26 February 2012

ASIKNYA SEKOLAH

Suatu kali saya dan si Akang membahas tentang hal-hal menyenangkan di sekolah. Kami tampaknya menjalani kehidupan sekolah dengan cukup mulus. Punya teman, nilai tak bermasalah, SPP terbayar tepat waktu. Hal-hal di atas seharusnya bisa menambah panjang daftar 'Asyiknya Sekolah' milik kami.

Sementara yang kami dapatkan adalah:
#ngumpul bareng temen
#becanda, ngobrol, dan curhat
#jalan bareng sepulang sekolah
#ngecengin temen cakep
#main basket di lapangan yang luas (khusus untuk si Akang)
hm..., apalagi yah?

Kami bukan siswa yang suka 'ngegencet' adik kelas, jadi 'ngerjain orang' tidak masuk daftar.

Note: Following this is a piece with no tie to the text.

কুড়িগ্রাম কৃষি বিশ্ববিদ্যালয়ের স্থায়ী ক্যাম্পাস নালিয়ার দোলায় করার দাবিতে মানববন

Walaupun saya cukup aktif di osis, saya belum yakin ikut osis masuk ke kategori asyik. 'Pakai seragam' juga agak aneh, kalau tidak bisa dibilang konyol, untuk diletakkan dalam daftar. Apakah 'bisa nyombongin sekolah sendiri ke orang-orang' juga bisa dijadikan hal asyik di sekolah? Mungkin tidak. Bagaimana dengan mengerjakan PR, membaca, diskusi? Becanda, kali... Jadi sementara itu dulu isi daftarnya.

Ngomong-ngomong, daftar di atas itu kok sama sekali tidak ada sangkut-pautnya dengan tugas kami di sekolah: BELAJAR. Tampaknya kami sedikit sekali punya kenangan asyik soal proses belajar mengajar yang dijalani. Maksudnya, amat sedikit sekali guru yang menginspirasi dan tak banyak peristiwa yang membangkitkan keingintahuan lebih dalam tentang satu materi pelajaran.



Barangkali benar juga bila ada orang yang bilang, kalau tidak sekolah, anak akan kesulitan sosialisasi. Semua anak pergi ke sekolah, jadi kalau mau berteman, ya memang harus pergi ke sekolah. Itu tampaknya jadi bisa menjelaskan keheranan saya pada anak-anak didik saya.

Pada hari efektif, mereka seperti harus diseret masuk sekolah. Sampai diancam akan dijemur agar mau tepat waktu mengikuti jam pelajaran. Tapi begitu tidak diwajibkan sekolah, malah datang ke sekolah. Hari Minggu nongkrong di halaman sekolah. Liburan panjang janjian di sekolah. Kalau ada rapat guru dan mereka disuruh pulang cepat, malah kumpul-kumpul di bawah pohon, enggan pulang. Ya itulah, mungkin karena asyiknya sekolah ada di bagian 'berteman'nya.

Nah, kalau begitu, kita ubah saja tujuan sekolah, bukan untuk belajar tapi untuk sosialisasi. Guru tak pusing mengejar kurikulum, siswa tak berat memahami tumpukan pelajaran. Tapi kalau hanya sosialisasi, barangkali kita dirikan saja taman bermain.

Proses 'memikirkan pendidikan' (halah, bahasanya) ini rupanya belum juga sampai ujung.